El Khabar : Ce que nous ne comprenons pas est que vous avez accepté un poste dans ce gouvernement pour travailler avec Brice Hortefeux, ministre de l'Immigration, dont le première mission reste l'expulsion des étrangers qui ont quitté leur pays pour des raisons sécuritaires ou économiques. Vous savez également que le gouvernement s'est fixé l'objectif d'expulser 25 000 immigrés clandestins la saison prochaine et 28 000 cette saison ?
Fadéla Amara : Je dis que 53 % des Français ont voté pour un programme politique qui comprend le problème de l'immigration. Je ne suis pas contre la codification de l'immigration et son organisation, car nous ne nous permettons pas d'accueillir des personnes sans leur assurer les conditions de vie nécessaires, vu qu'elles pourraient être exploitées pour des travaux pénibles contre des salaires dérisoires. Cependant, la France a toujours besoin de main-d'oeuvre étrangère et je pense que le problème de l'immigration doit être géré au niveau européen, tout en continuant à négocier, bien sûr, avec nos partenaires dans les pays d'origine. Nous menons une politique de l'immigration qui sert les deux parties, c'est ce que fait Brice Hortefeux car il a signé des conventions de coopération avec certains pays africains et des quotas ont été déterminés pour les personnes qui seront habilitées à immigrer en France.

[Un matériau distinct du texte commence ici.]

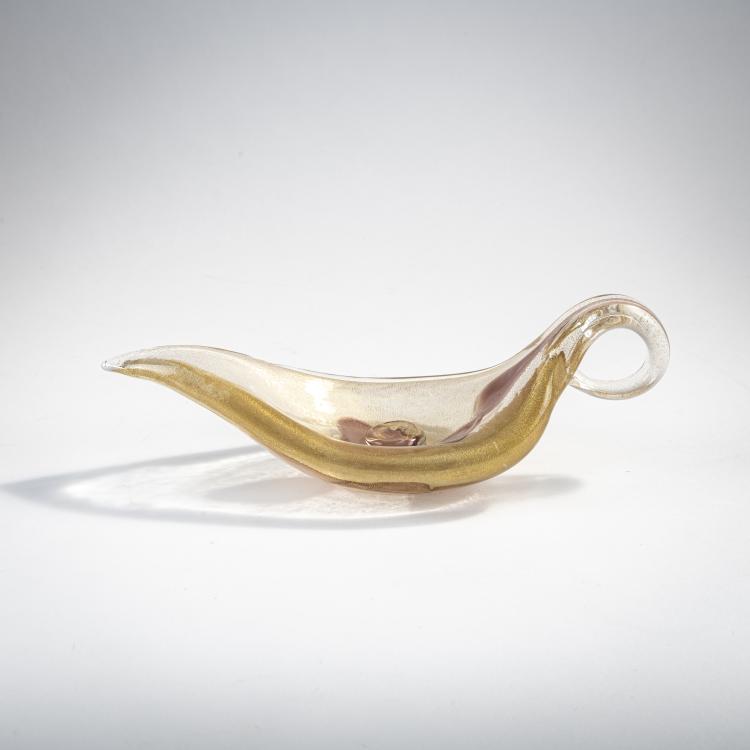 Hauptbild zu Objekt, Kerzenleuchter 'Pezzo unico di prova', 1950er Jahre, Ercole Barovier, Barovier & Toso, Murano, 173C 667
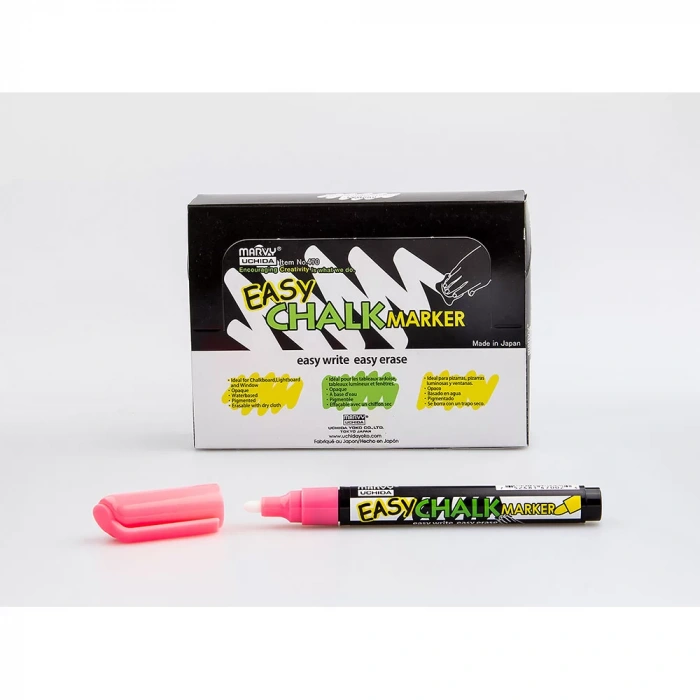 MARVY EASY CHALK TEBESIR MARKOR FOSFORLU RED-KIRMIZI 470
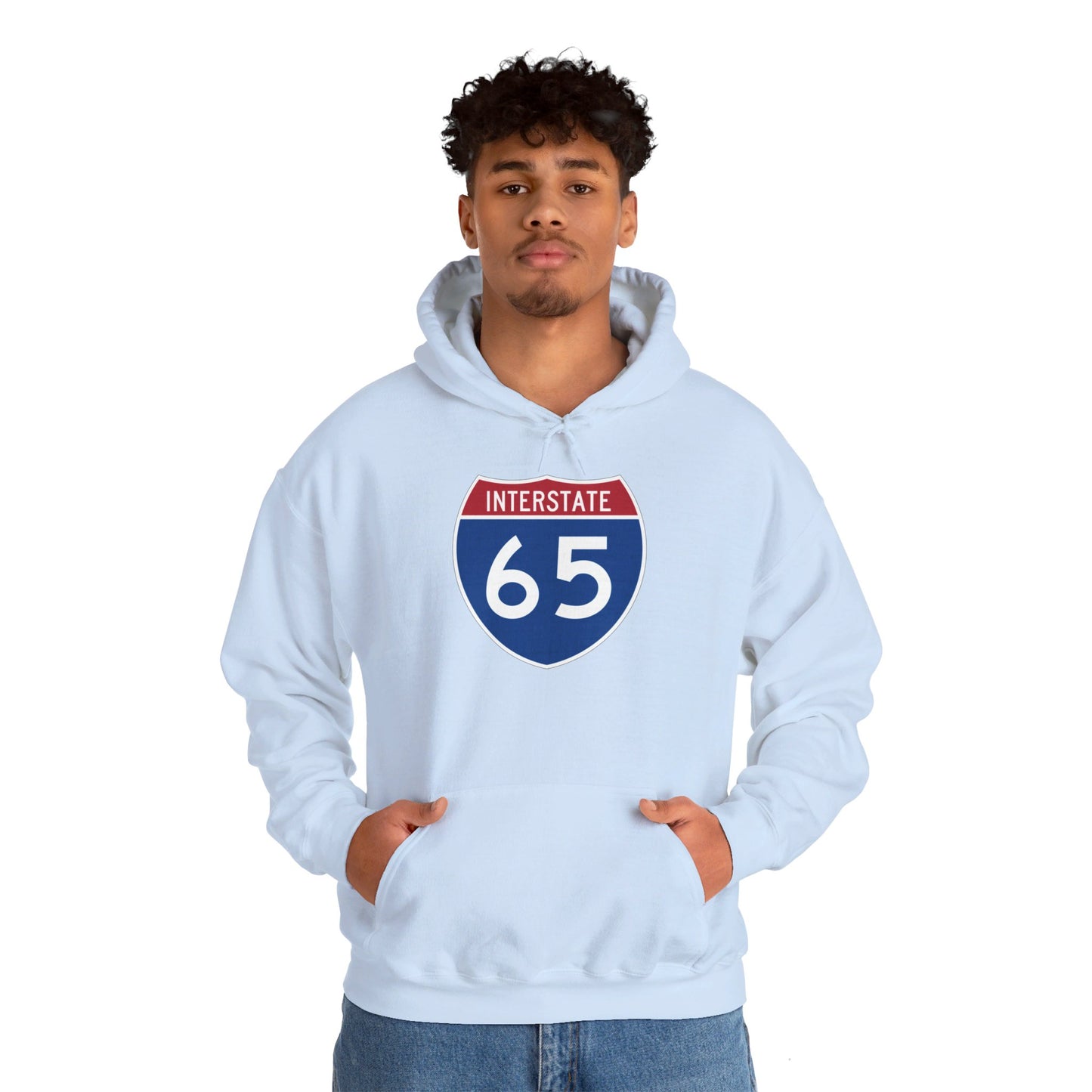 Hooded Sweatshirt - Interstate 65 North or South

El Khabar : Vous avez visité l'Algérie en compagnie du président Nicolas Sarkozy. Selon la presse française, cette visite a eu lieu dans une atmosphère explosive après les déclarations du ministre des Moudjahidine concernant le présidant français. Avez-vous ressenti, personnellement une forme de gène ?
Fadéla Amara : Franchement, je n'ai eu aucun sentiment négatif, mais j'ai ressenti de la fierté en foulant l'aéroport d'Alger. Comment ne pas l'être alors que je retourne à mon pays en tant que ministre.

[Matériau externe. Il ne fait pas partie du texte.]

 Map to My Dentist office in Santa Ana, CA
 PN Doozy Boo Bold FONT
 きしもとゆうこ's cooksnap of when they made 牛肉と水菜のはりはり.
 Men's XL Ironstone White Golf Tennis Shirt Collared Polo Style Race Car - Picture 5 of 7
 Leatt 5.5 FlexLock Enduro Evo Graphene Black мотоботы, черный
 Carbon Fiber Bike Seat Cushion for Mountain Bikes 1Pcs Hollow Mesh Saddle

Le plus étrange est que c'est le président français qui m'a présenté au président Bouteflika, et j'ai saisi cette chance afin de lui transmettre le message d'amour et de considération que lui a envoyé mon père.
Les propos de Nicolas Sarkozy, qui a qualifié la colonisation en des termes sévères, sont une forme de reconnaissance des crimes de la colonisation sous toutes formes, cela est très important. Le discours de Nicolas Sarkozy prononcé à Constantine, contre la colonisation, est une preuve irréfutable que les deux parties vont trouver forcément un terrain d'entente, et d'un autre côté, je partage l'avis de M. Sarkozy lorsqu'il dit que la relation entre les deux pays ne peut pas s'arrêter à ce stade.